There's nothing wrong with this, but it's good to be aware. I once investigated the micro-tuning of diminished 7th chord and was surprised to find that the Pythagorean diminished 7hth chord, made by stacking Grm3 repeatedly, sounded better to my ear than anything that involved 5-limit intervals.

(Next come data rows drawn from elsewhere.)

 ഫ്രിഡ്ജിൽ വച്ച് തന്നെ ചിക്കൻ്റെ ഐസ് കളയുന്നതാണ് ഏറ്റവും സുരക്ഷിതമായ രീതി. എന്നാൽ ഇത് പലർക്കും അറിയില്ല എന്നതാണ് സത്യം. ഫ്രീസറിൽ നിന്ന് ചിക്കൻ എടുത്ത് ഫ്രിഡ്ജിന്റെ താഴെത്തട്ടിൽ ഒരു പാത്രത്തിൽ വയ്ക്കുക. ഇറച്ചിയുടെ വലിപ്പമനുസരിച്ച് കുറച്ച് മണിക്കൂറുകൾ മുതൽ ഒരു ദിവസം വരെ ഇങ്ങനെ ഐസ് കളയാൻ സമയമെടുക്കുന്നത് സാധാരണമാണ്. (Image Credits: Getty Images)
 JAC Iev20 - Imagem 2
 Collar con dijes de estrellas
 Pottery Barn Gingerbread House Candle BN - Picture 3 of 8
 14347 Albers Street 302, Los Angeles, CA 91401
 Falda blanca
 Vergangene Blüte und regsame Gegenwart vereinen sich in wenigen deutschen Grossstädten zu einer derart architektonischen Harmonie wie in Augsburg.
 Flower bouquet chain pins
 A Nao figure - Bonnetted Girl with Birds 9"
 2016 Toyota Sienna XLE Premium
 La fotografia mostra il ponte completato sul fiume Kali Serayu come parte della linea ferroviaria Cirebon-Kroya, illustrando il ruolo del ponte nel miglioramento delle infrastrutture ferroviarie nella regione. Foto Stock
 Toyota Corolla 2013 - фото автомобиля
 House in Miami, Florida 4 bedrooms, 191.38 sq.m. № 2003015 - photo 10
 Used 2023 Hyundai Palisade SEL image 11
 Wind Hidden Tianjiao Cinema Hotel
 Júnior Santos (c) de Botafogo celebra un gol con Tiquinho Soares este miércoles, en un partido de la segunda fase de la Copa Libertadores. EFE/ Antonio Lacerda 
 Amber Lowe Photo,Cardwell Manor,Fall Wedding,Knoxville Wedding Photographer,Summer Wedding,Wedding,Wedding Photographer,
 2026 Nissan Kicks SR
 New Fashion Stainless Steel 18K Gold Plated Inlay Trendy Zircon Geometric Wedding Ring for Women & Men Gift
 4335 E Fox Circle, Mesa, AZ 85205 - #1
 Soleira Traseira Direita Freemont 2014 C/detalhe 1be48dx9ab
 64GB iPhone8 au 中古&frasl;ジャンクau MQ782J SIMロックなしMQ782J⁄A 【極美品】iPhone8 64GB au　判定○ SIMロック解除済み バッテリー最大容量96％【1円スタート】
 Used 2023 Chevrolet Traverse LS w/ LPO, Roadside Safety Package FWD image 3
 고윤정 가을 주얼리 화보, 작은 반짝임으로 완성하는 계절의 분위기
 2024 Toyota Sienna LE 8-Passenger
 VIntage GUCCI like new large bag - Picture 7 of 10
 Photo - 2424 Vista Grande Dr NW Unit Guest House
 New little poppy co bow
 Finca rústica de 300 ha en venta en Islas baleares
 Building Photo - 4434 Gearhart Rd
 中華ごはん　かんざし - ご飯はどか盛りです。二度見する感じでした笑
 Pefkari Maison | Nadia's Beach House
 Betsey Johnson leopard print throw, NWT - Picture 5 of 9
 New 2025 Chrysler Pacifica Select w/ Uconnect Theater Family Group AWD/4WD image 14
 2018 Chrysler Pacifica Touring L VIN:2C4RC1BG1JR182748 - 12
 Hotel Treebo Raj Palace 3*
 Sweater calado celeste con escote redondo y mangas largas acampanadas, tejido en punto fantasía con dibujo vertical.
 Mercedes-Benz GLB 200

All together this chord is spelled

[P1, Grm3, GrGrd5, GrGrGrd7]

in rank-3 intervals, which is simply

[P1, m3, d5, d7]

in rank-2 intervals.

The Pythagorean major scale might be a little wonky compared to the major scale of 5-limit just intonation, but we can't get away from Pythagorean intervals entirely if we want beautiful consonance.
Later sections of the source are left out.